Every company is unique and different, with policies, procedures and benefits based on the values and culture of the specific work environment. To best support an employee navigating work and cancer—or any serious medical condition—it is critical to revisit the company’s policies and make sure they are operating as intended and nothing has been left out. The work landscape changes rapidly but attracting and retaining high performing talent is a constant. How you support an employee with cancer doesn’t just impact that one staff person, it impacts how the staff as a whole sees their employer.
Some commitments to consider adding if they aren’t already in your employee handbook, include:
Respecting Privacy: The employee will determine who is told what, and when.
Protecting Employment: The employee can be assured that their job is not at risk based on disclosing their diagnosis.
Compensating Fully: Our company will continue to provide compensation while an employee works during cancer and will assist in identifying/activating income replacement opportunities if the employee chooses to take time off, to the greatest extent possible.
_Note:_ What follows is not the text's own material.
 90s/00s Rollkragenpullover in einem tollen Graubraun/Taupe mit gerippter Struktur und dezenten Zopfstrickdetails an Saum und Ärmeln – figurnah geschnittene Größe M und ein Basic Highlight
Troubleshooting Insurance: Our company will provide intervention and clerical assistance with the insurance eligibility and reimbursement process.
Supporting Managers: The manager will be empowered to structure work, deadlines and scheduling to support their employee with cancer as well as the rest of their team.
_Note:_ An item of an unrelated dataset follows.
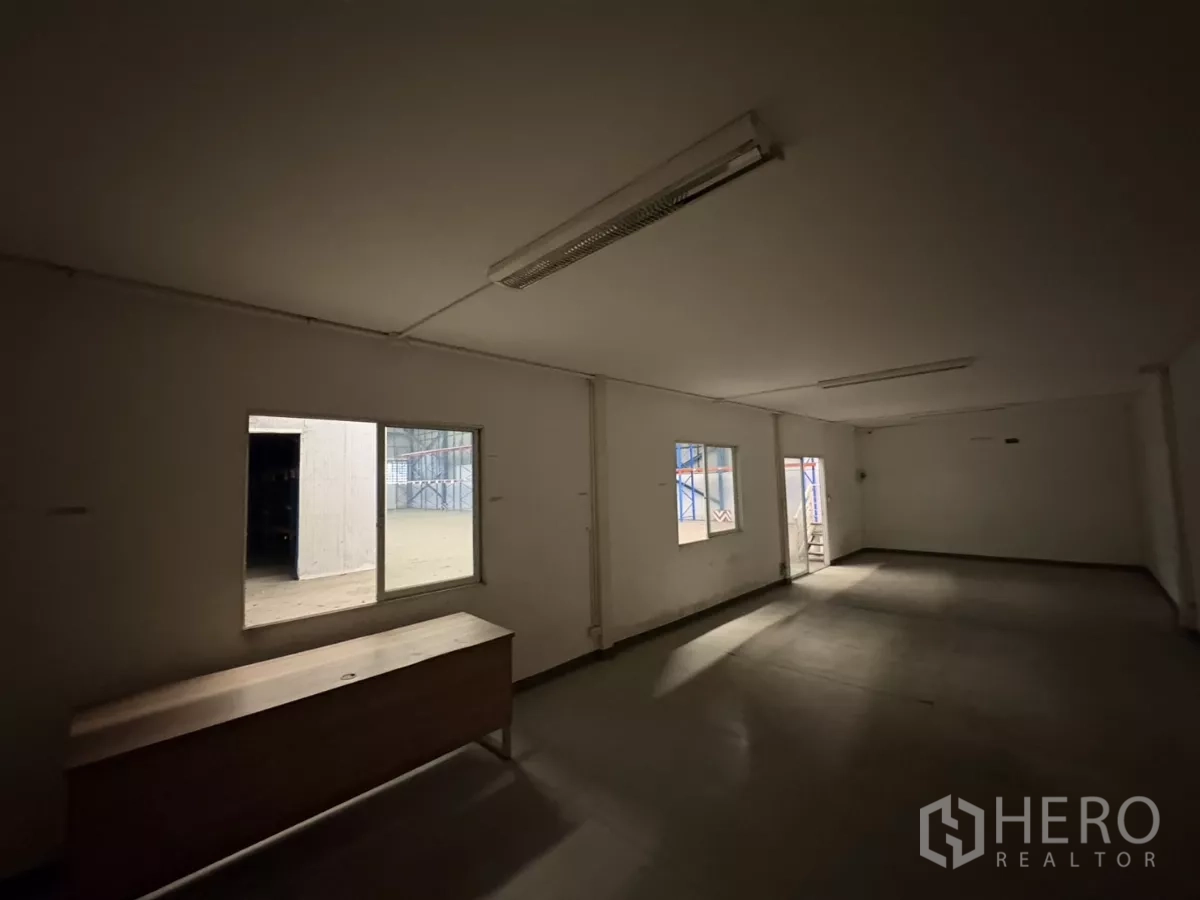 Warehouse for rent in Mueang Samut Prakan, Samut Prakan - Open-plan office space with fluorescent lighting and windows.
Providing Flexibility: The employee and manager will determine how, when and where work gets done to support treatment, rest and recovery as well productivity and business needs.
Continuing To Develop: The employee will have continued access to professional development opportunities.
Connecting To Resources: Our company will make every effort to provide information on cancer and working/managing through treatment.
While this list is in no way exhaustive, the goal is make sure you are looking at the policies through the lens of the person experiencing a crisis and identifying any missing pieces that would improve support and productivity. It is also important to consider how these kinds of commitments can help caregiving employees.